▸ What the exercise asks:
Write out exactly the lines from the one holding "Wakapolresta Pekanbaru AKBP" to the last line of the entries, both ends included and nothing else, without the pictures.

▸ Material provided:
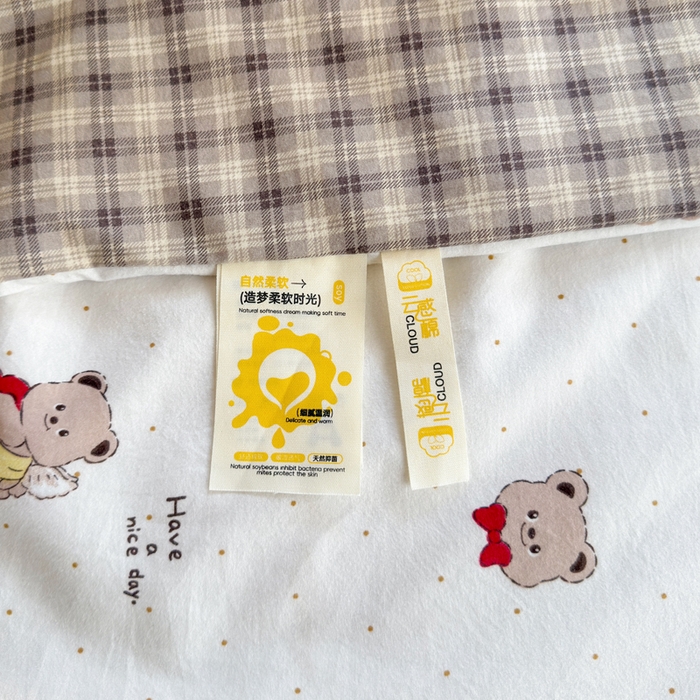 91家纺网 家纺一手货源 找家纺 云玲时尚 2026新款古法水洗棉夏被床盖四件套 可爱熊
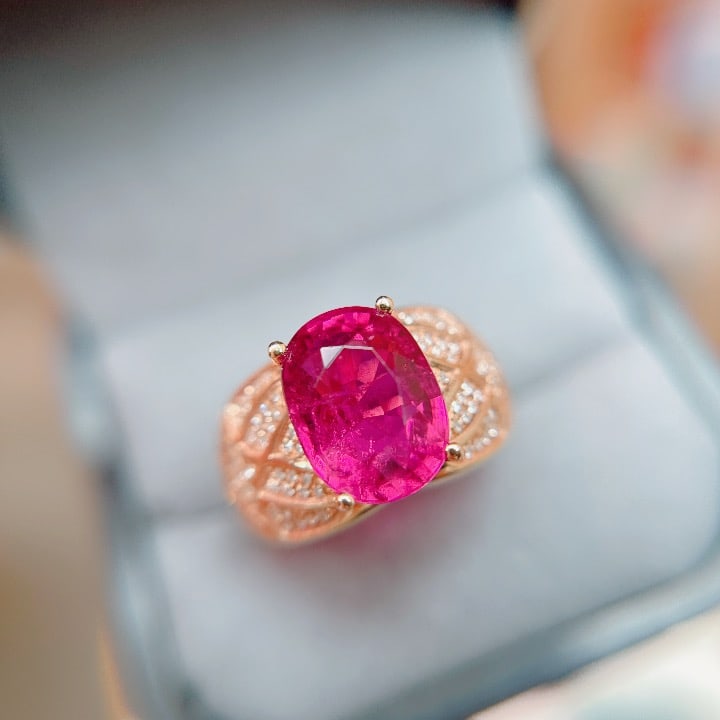 18K Gold Rubellite Tourmaline Ring with Diamonds, Total 6.31g, 5.45ct Rubellite: Title: 18K Gold Rubellite Tourmaline Ring with Diamonds, Total 6.31g, 5.45ct Rubellite Description: Elegant 18K gold ring featuring a natural rubellite tourmaline centerpiece (5.45 carats) accented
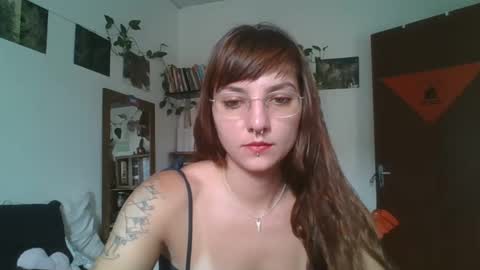 Snapshot of babydemon6 chatting on January 10, 12:47 pm babydemon6 online show from January 10, 12:47 pm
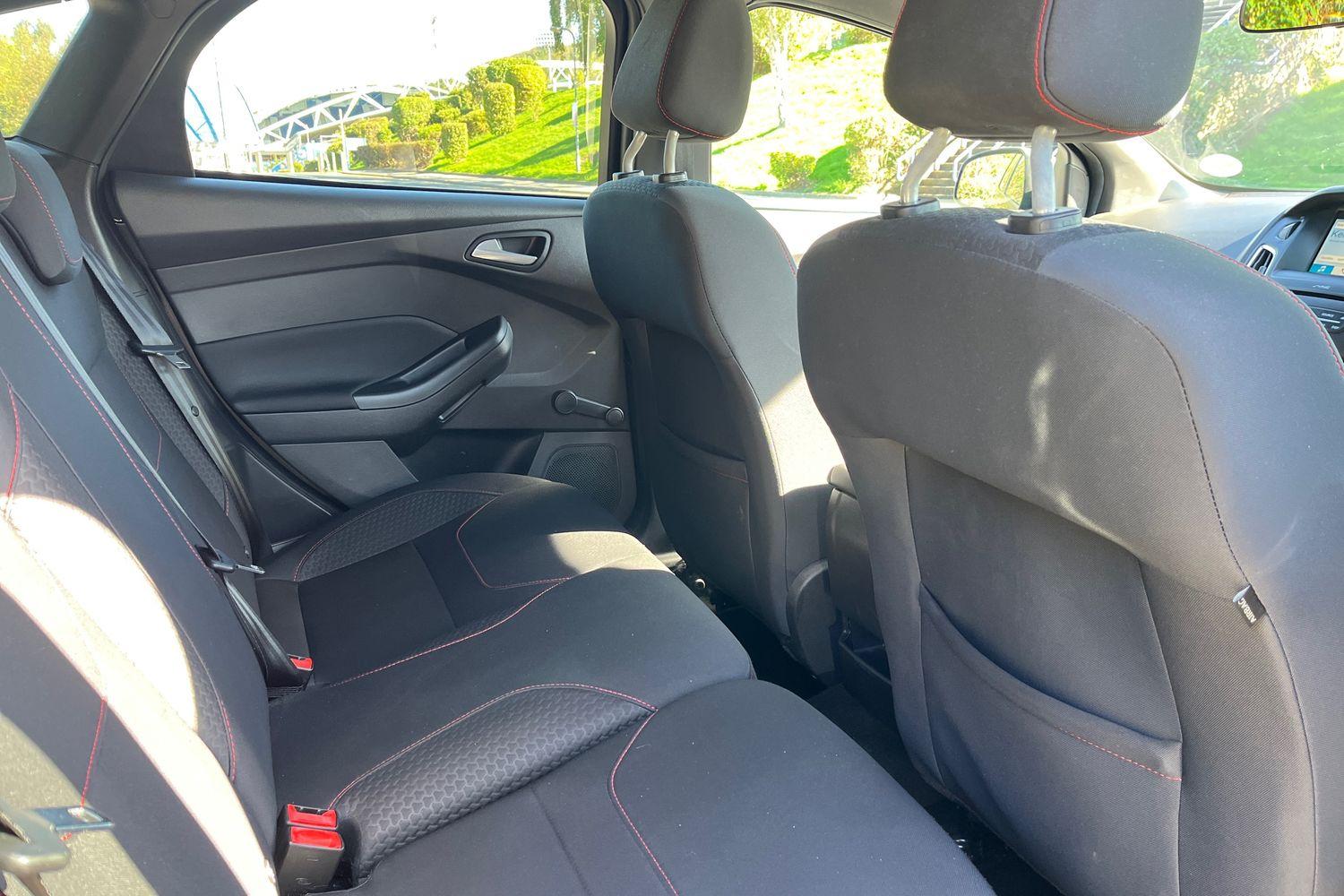 Ford Focus Photo 35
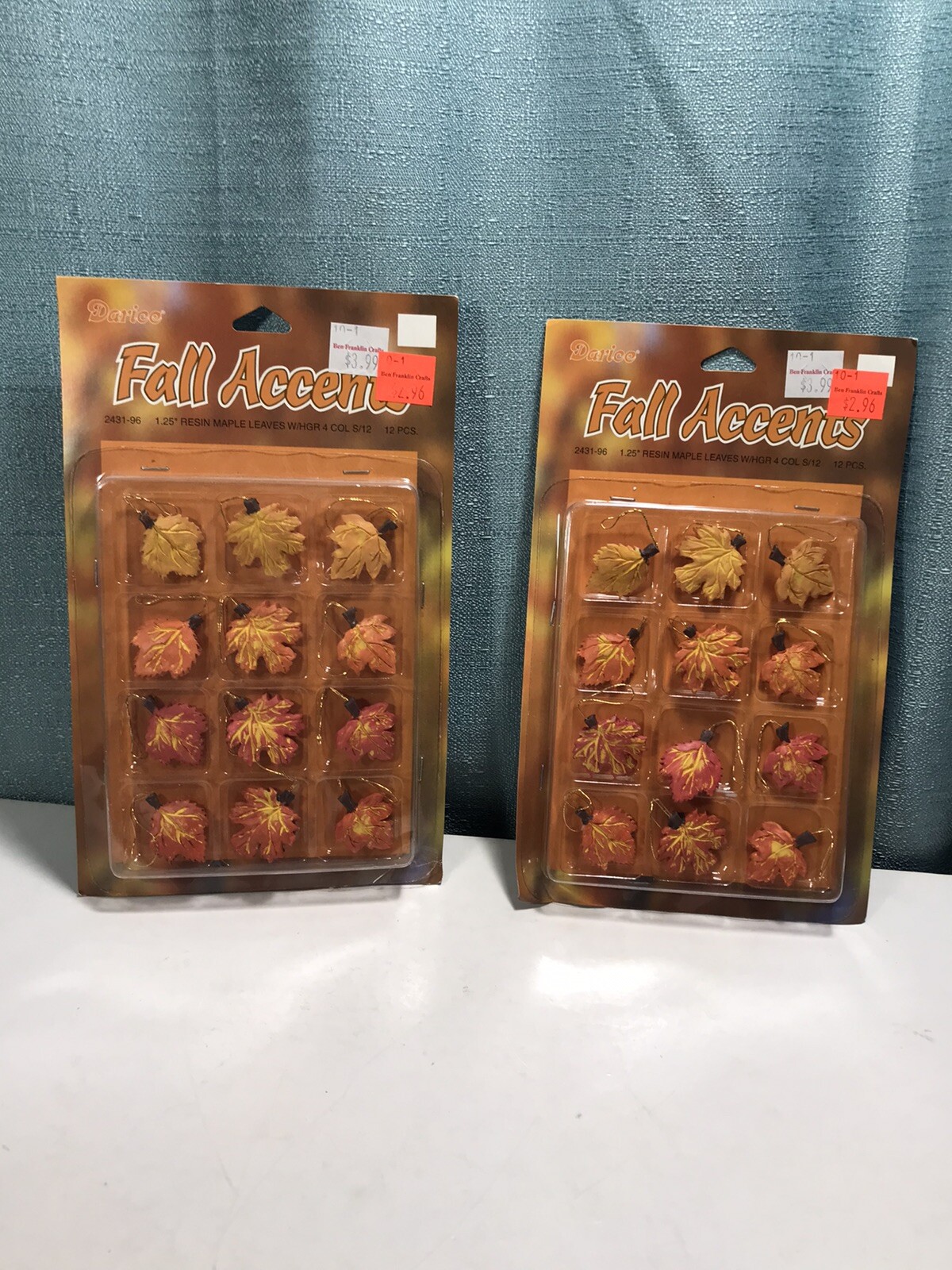 Vintage 2 New Resin Maple Leaves Mini Ornaments Craft Wreath Accents Sets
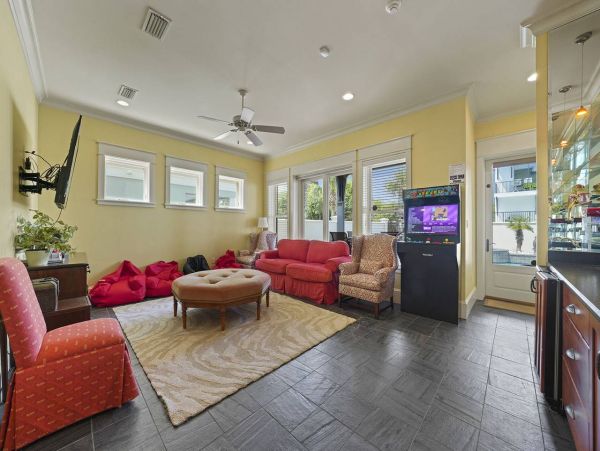 Miramar Beach Just Steps from The Gulf of Mexico Sleeps 18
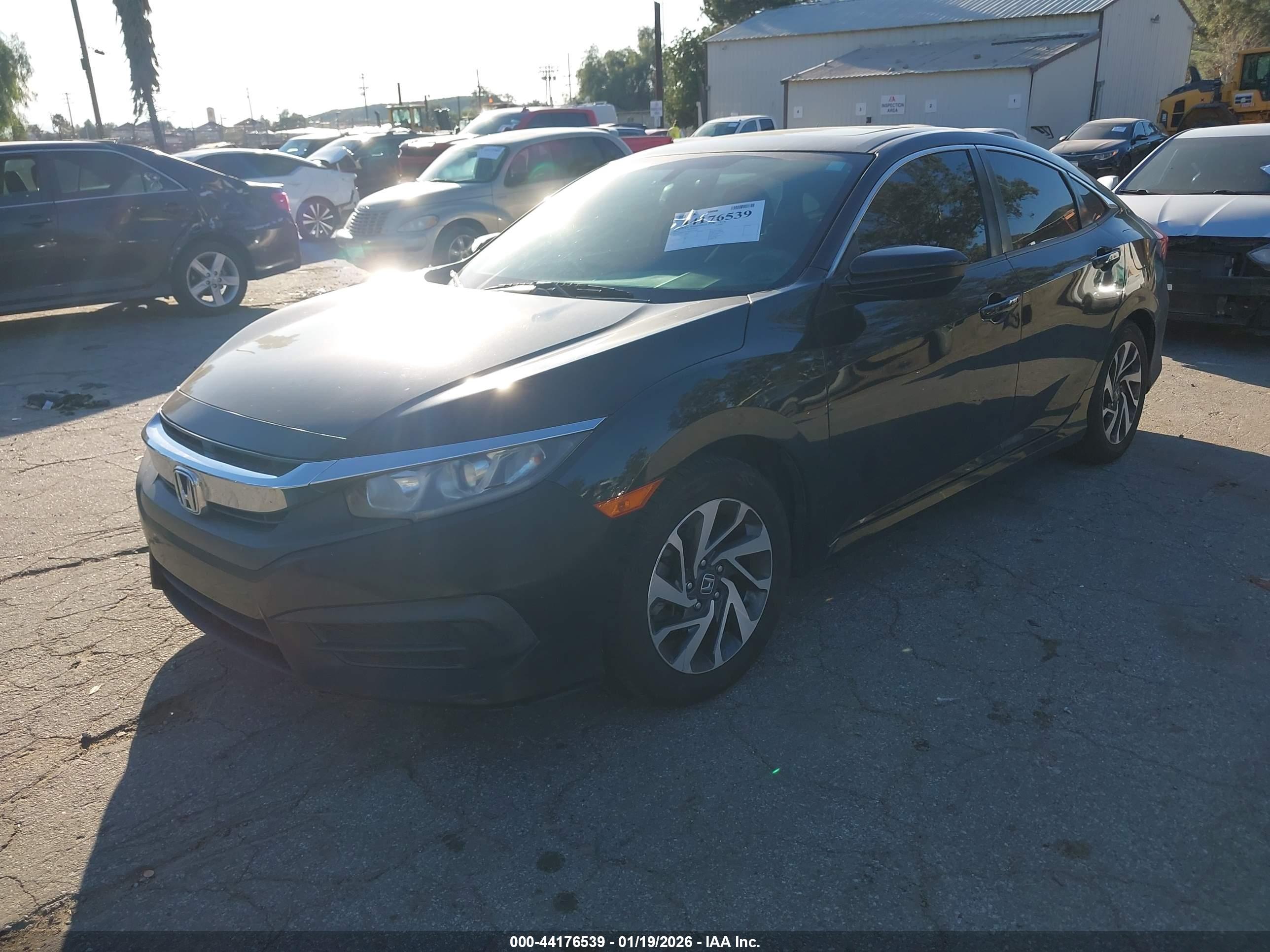 HONDA CIVIC image 2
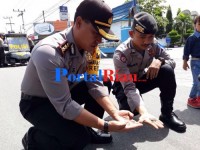 Wakapolresta Pekanbaru AKBP Edy Sumardi P SIK meninjau  adanya ranjau paku di Jalan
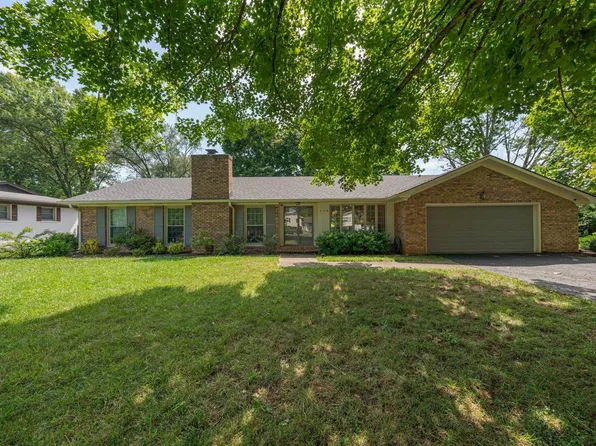 228 Scott Ln, Bowling Green, KY 42103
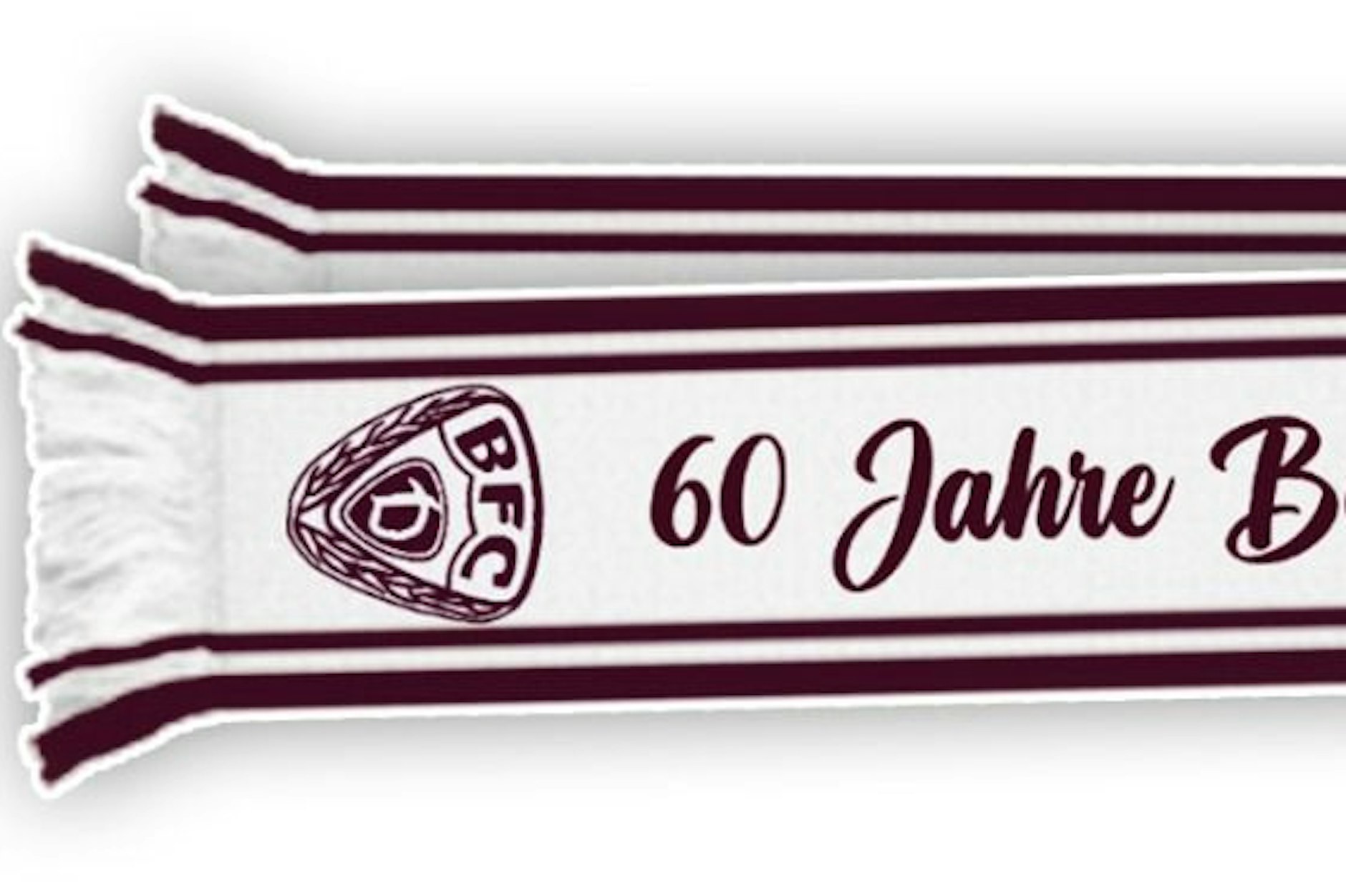 Das ist nur das eine Ende des Schals, nach rechts geht er weiter.&nbsp; Komplett steht drauf: „60 Jahre Berliner Fussballclub Dynamo“.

▸ Result:
 Wakapolresta Pekanbaru AKBP Edy Sumardi P SIK meninjau  adanya ranjau paku di Jalan
 228 Scott Ln, Bowling Green, KY 42103
 Das ist nur das eine Ende des Schals, nach rechts geht er weiter.&nbsp; Komplett steht drauf: „60 Jahre Berliner Fussballclub Dynamo“.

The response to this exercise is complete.